Sowing

Sowing is a Python library that provides an immutable tree data structure, along with utilities to build, traverse, edit, and serialize trees. Some advantages of using such a structure include:

Subtrees can be reused in multiple trees, reducing the memory footprint.
Passing trees between functions and/or threads is safe and never requires unnecessary copying.
Trees can be hashed, placed in sets, and used as keys in dictionaries.
It simplifies reasoning about the resulting code, as there are no side-effects.

This library also provides efficient tools to traverse and edit trees, despite the immutable structure, borrowing ideas from Huet’s Zipper.

Using the library

Manually building trees
(De)serializing trees
Navigating within trees
Editing trees
Indexed trees
Combinatorial tools

Manually building trees

Node is the main data structure. It is an immutable, hashable, and recursive structure. Each Node instance represents a subtree; it contains the root of that subtree and links to Node for each of its child subtrees.

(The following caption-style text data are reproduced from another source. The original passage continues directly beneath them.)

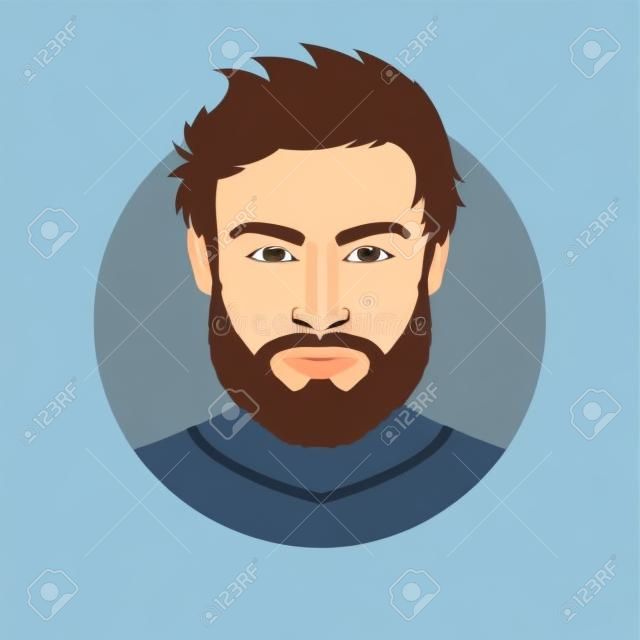 Icône ou portrait d'avatar masculin. Beau visage de jeune homme avec barbe. Illustration vectorielle.
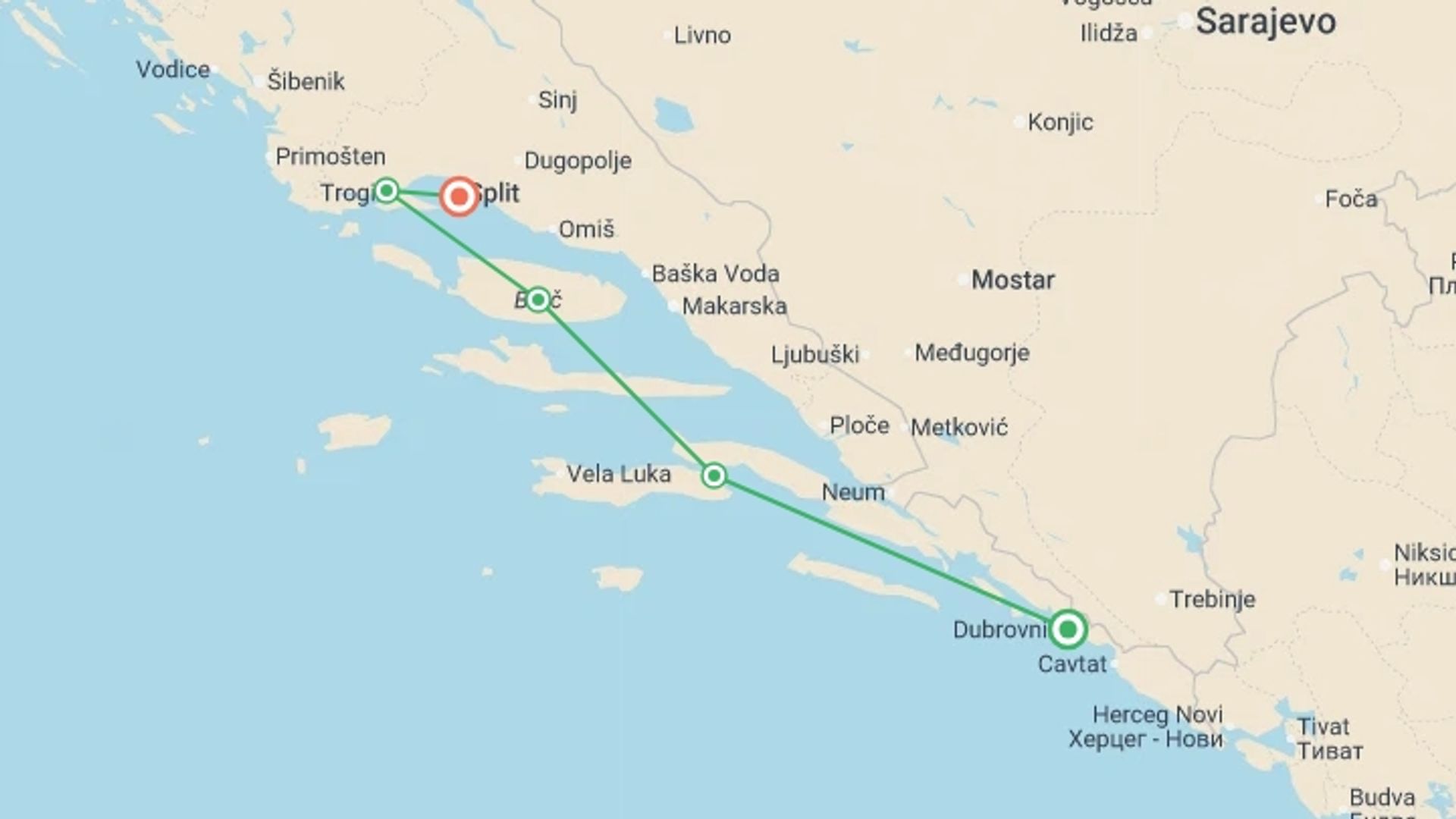 A map showing the tour itinerary for the trip: Cruise Dubrovnik to Split Express (Deluxe Superior) - 5 days, starting in Dubrovnik, Croatia and ending in Split, Croatia going through 4 other destinations.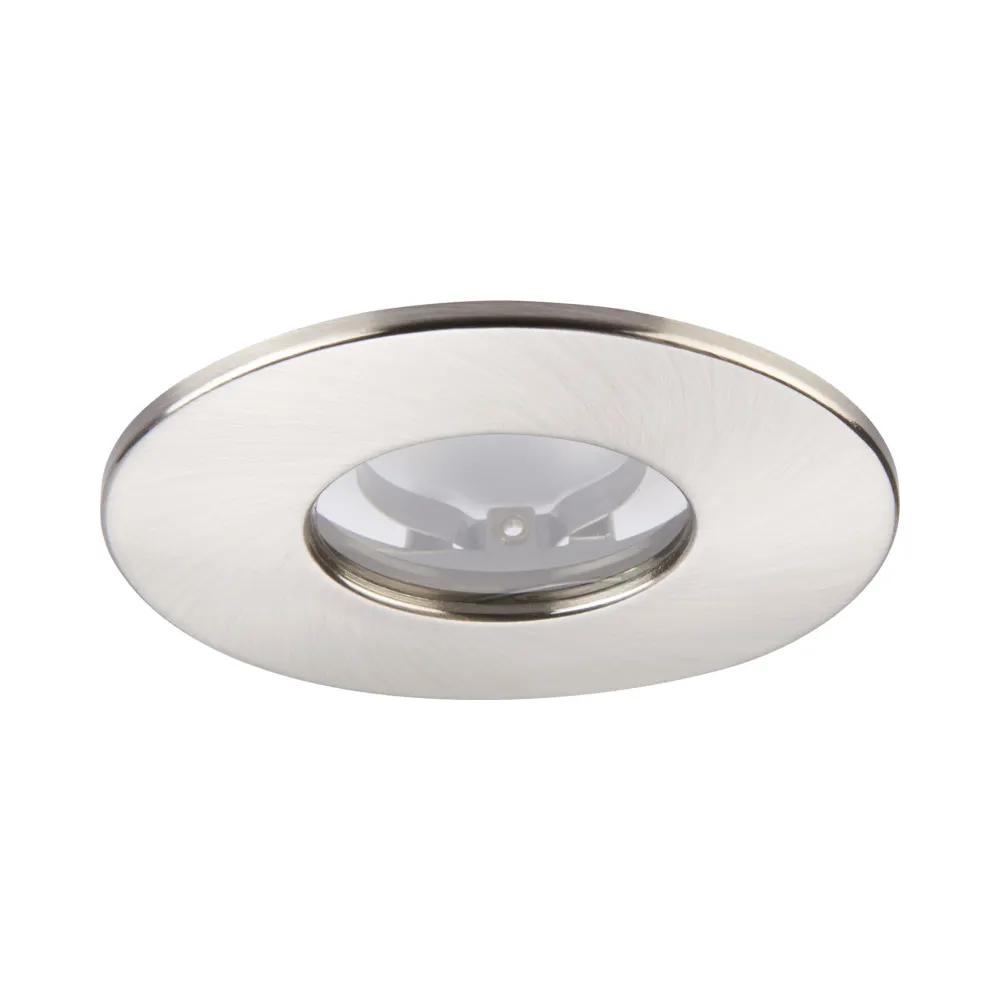 Saxby ShieldONE 75 IP65 Satin Nickel Bezel 1 Saxby ShieldONE 75 Satin Nickel Bezel – IP65 downlight trim for wet rooms and bathrooms.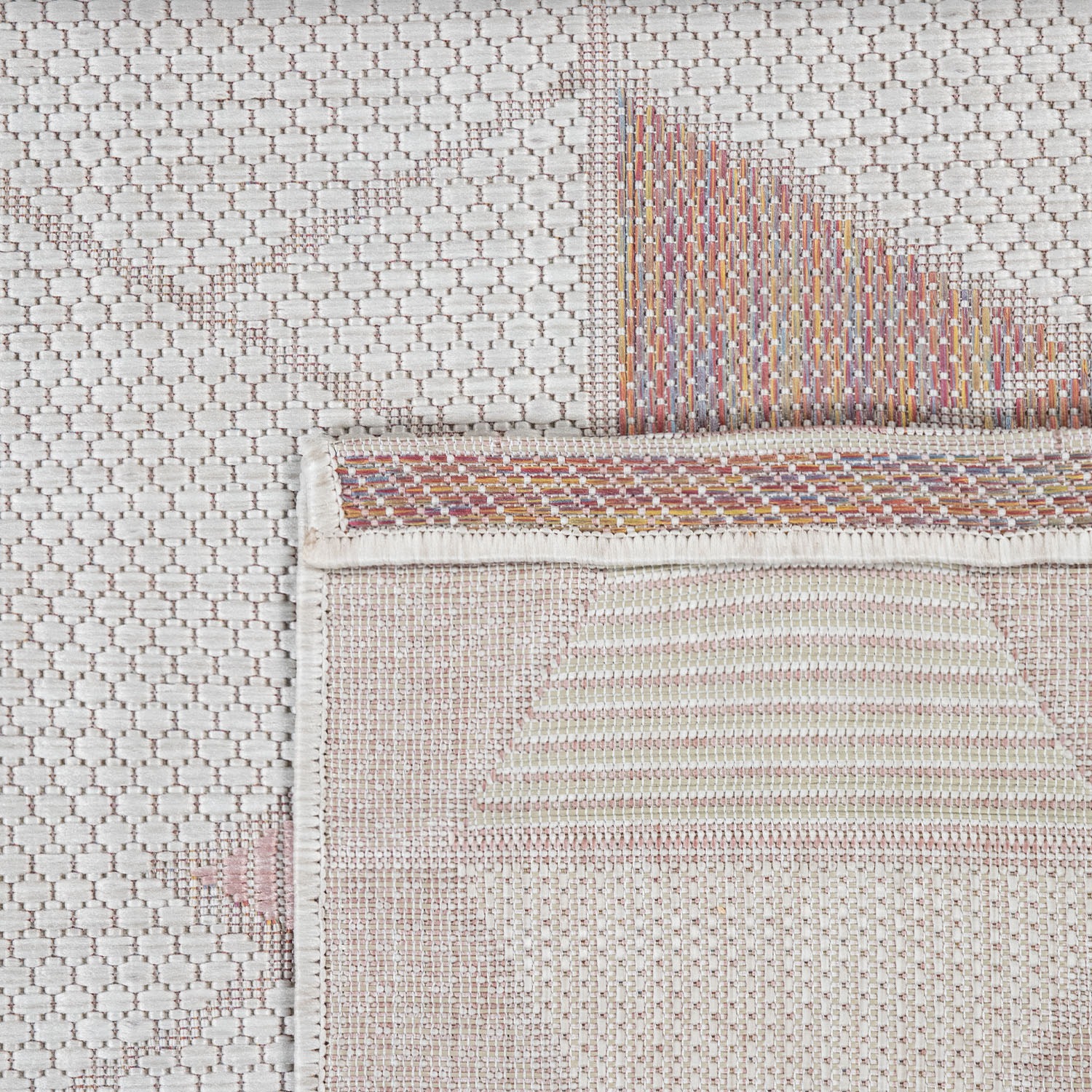Paco Home Teppich »Kuba 130«, rechteckig, 4 mm Höhe, Flachgewebe, modernes Design, Pastell- Farben, Outdoor geeignet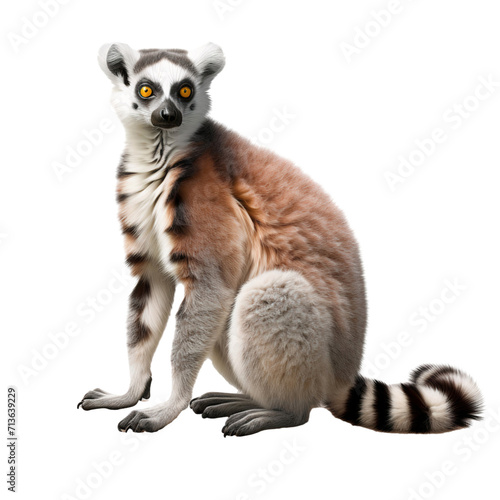 Ring-tailed lemur sitting, isolated on white background © The Stock Guy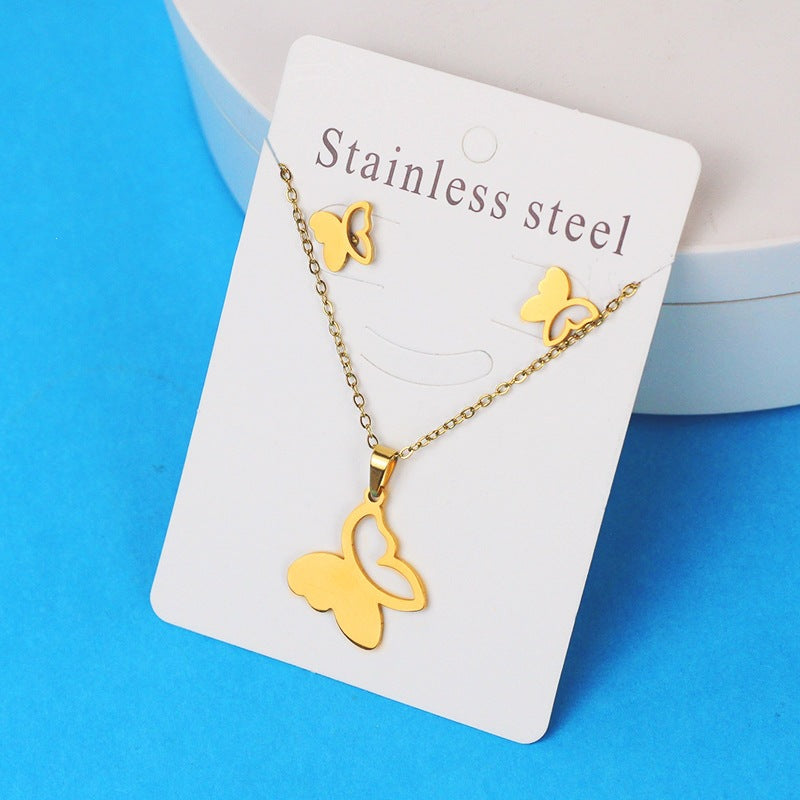Butterfly Unicorn Sweet Personality Simple Stainless Steel Necklaces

Create tree structures by manually instantiating Node. For example, the tree below can be represented as follows:

flowchart TD
    a[Root] --> b[Left] --> c[Leaf]
    b --> d[Leaf]
    a --> e[Right] --> f[Leaf]

Loading

from sowing import Node
tree = (
    Node("Root")
    .add(
        Node("Left")
        .add(Node("Leaf"))
        .add(Node("Leaf"))
    )
    .add(
        Node("Right")
        .add(Node("Leaf"))
    )
)

Nodes can contain any arbitrary data, as long as it is immutable and hashable. In the previous example, strings were attached to each node. Note that native Python dictionaries are not immutable, so they cannot be attached to a node. To store key-value data inside a node, you should use an immutable dictionary library such as immutables.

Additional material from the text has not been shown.